- [ASSIGNMENT]:
Leave the pictures in the listing below aside and reproduce exactly the lines starting with the one with "In this video I'm" and going on through the one with "And there it", both ends included.

- [GIVEN DATA]:
________________

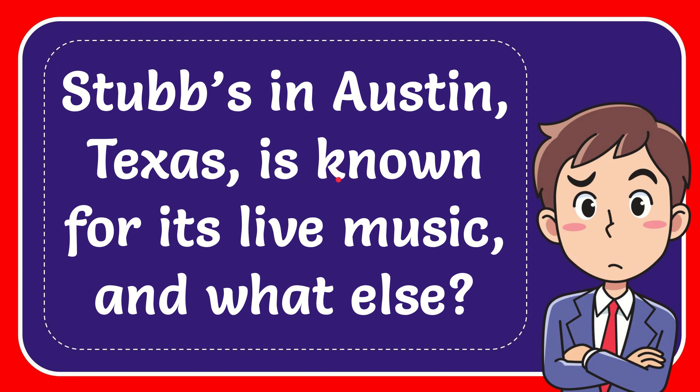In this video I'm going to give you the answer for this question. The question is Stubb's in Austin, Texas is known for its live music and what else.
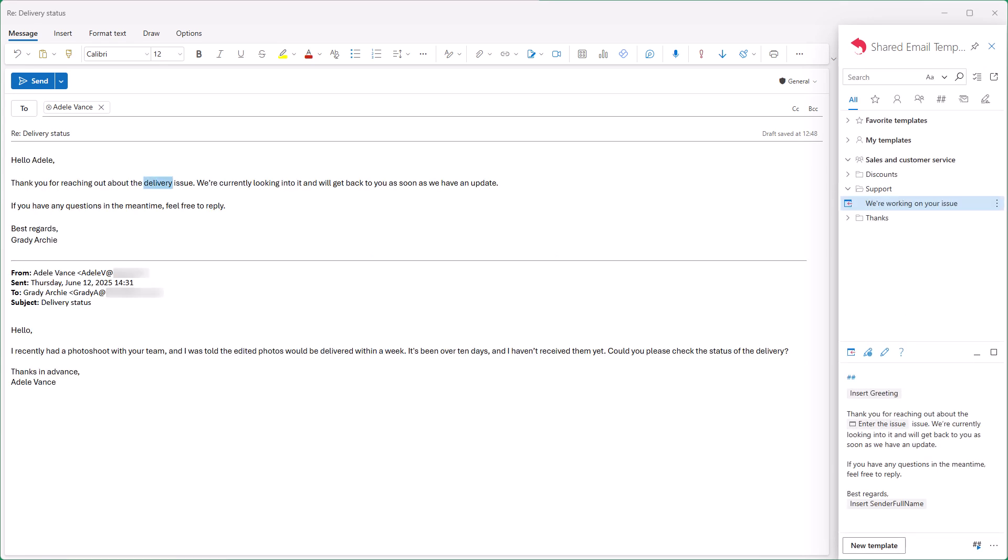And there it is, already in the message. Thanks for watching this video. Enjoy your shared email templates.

________________

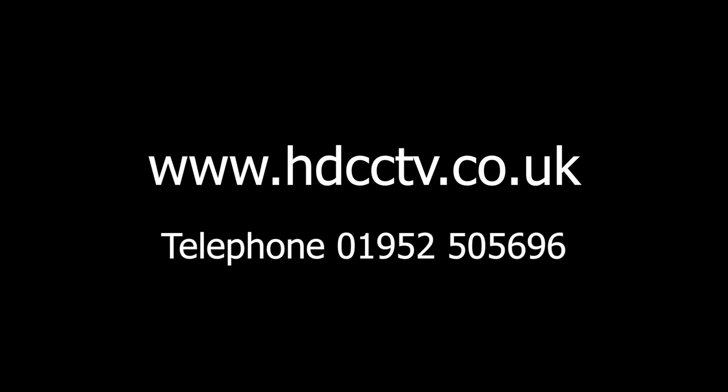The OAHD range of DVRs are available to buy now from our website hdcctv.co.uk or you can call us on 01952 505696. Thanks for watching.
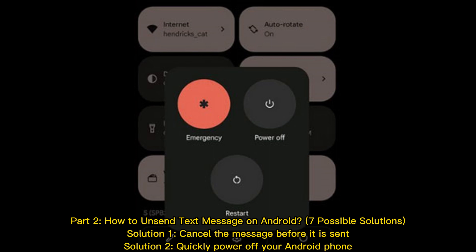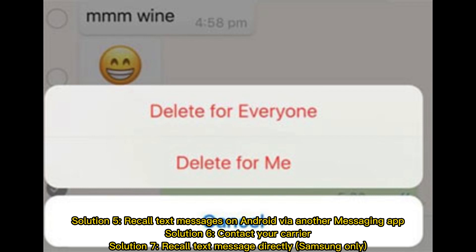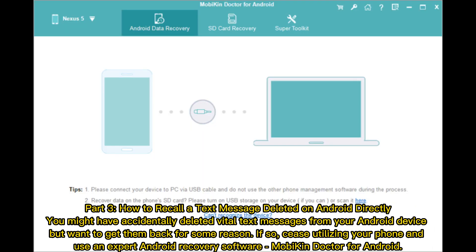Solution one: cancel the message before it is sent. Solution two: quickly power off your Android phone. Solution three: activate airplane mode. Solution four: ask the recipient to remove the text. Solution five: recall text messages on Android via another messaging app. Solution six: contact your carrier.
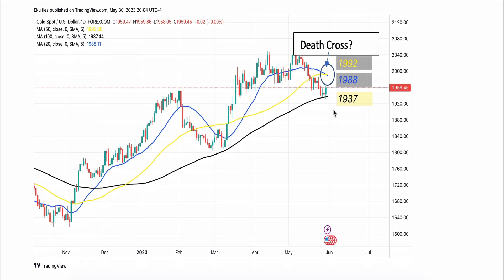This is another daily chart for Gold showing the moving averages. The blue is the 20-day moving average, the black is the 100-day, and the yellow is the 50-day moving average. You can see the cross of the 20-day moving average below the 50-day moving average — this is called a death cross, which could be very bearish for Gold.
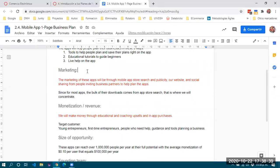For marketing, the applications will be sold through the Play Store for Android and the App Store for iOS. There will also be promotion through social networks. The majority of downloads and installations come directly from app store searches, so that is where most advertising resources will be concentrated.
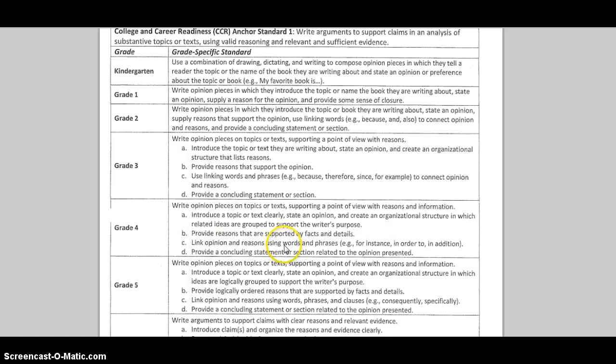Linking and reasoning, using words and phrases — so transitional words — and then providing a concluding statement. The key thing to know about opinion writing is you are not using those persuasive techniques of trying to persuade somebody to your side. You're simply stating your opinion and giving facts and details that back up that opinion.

________________

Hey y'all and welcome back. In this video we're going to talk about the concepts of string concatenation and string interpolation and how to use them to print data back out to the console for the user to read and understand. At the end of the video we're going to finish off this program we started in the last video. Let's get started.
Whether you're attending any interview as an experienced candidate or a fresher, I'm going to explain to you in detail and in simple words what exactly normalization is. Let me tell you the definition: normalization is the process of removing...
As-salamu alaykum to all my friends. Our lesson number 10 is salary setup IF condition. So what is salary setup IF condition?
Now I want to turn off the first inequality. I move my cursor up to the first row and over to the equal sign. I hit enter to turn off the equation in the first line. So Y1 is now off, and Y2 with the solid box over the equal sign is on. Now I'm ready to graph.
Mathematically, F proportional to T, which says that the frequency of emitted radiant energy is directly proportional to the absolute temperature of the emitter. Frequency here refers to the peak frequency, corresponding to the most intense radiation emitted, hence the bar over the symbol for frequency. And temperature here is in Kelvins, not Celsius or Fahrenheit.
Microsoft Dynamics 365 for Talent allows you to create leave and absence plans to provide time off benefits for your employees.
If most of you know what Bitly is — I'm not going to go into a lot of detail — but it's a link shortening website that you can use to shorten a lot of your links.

________________

- [EXERCISE RESULT]:
In this video I'm going to give you the answer for this question. The question is Stubb's in Austin, Texas is known for its live music and what else.
And there it is, already in the message. Thanks for watching this video. Enjoy your shared email templates.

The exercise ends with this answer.